Monsieur le secrétaire d’État, ne prenez pas notre initiative pour une démarche hostile à l’égard du Gouvernement, car j’ai apprécié les dernières initiatives du Président de la République, Emmanuel Macron. Nous les soutenons ; c’est un début, mais nous les soutenons. Je considère d’ailleurs que le Président de la République a relevé l’honneur perdu du groupe de Minsk.

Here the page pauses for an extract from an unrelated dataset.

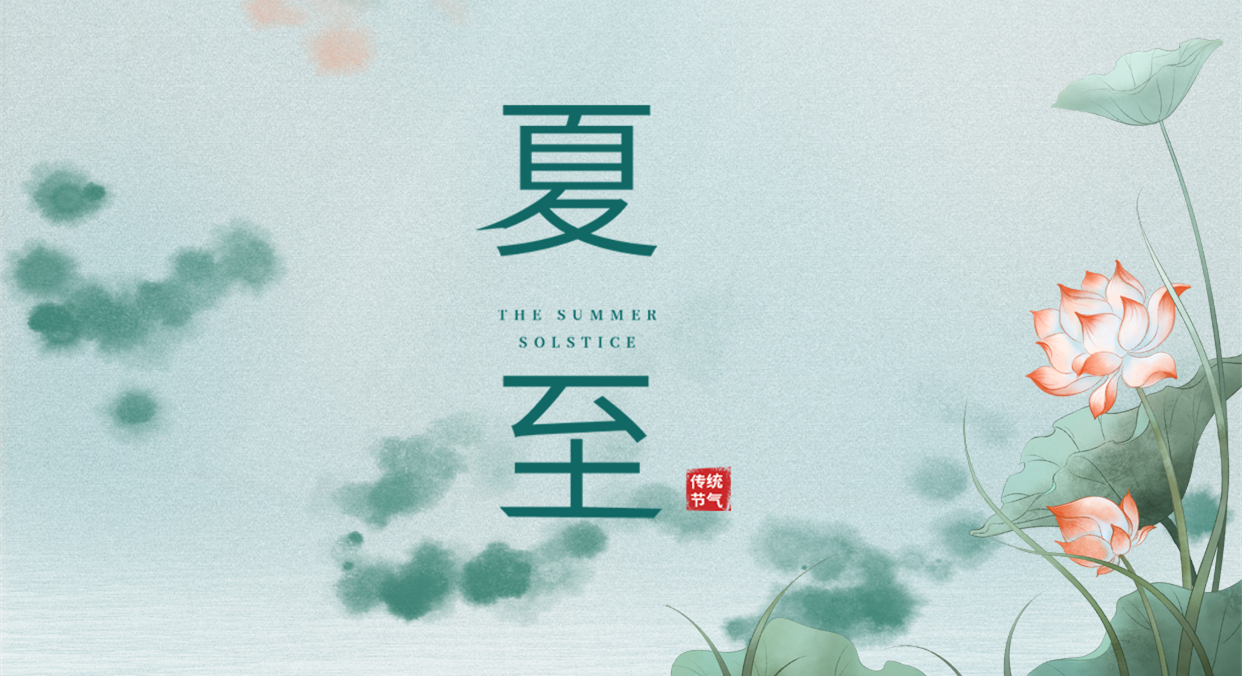 夏至 ▎夏至日漸長，萬物逐光生長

Ensuite, si défendre le Haut-Karabagh, mes chers amis, revient à défendre – outre l’Arménie, évidemment – nos intérêts, cela revient également à défendre nos valeurs, car celles-ci ont été piétinées par l’utilisation d’armes de guerre interdites, par des exactions commises contre la population, par des amputations et par la mort de civils, femmes, enfants, vieillards confondus.
C’est la raison pour laquelle nous demandons, dans notre résolution, l’ouverture d’une commission d’enquête internationale sur ces crimes de guerre. Nous demandons également un soutien massif de la France envers les populations déplacées – provisoirement, je l’espère – et la protection, par l’Unesco (Organisation des Nations unies pour l’éducation, la science et la culture), du patrimoine, qui n’est pas seulement arménien ; c’est un patrimoine commun de l’humanité.
Ensemble, nous pensons que la France ne peut pas détourner le regard sans tourner le dos à la vieille amitié qui nous lie à l’Arménie, car c’est bien de l’Arménie qu’il s’agit désormais. Quand le président azéri traite les habitants du Haut-Karabagh de « chiens », il traite tout autant les Arméniens de chiens ! Or, mes chers collègues, lorsque l’on dénie la dignité d’être humain à une population, où cela s’arrête-t-il ? L’Arménie vit également avec cette épée de Damoclès, le corridor qui la transperce de part en part, dans le sud, de son flanc est à son flanc ouest, entre le Nakhitchevan et l’Azerbaïdjan.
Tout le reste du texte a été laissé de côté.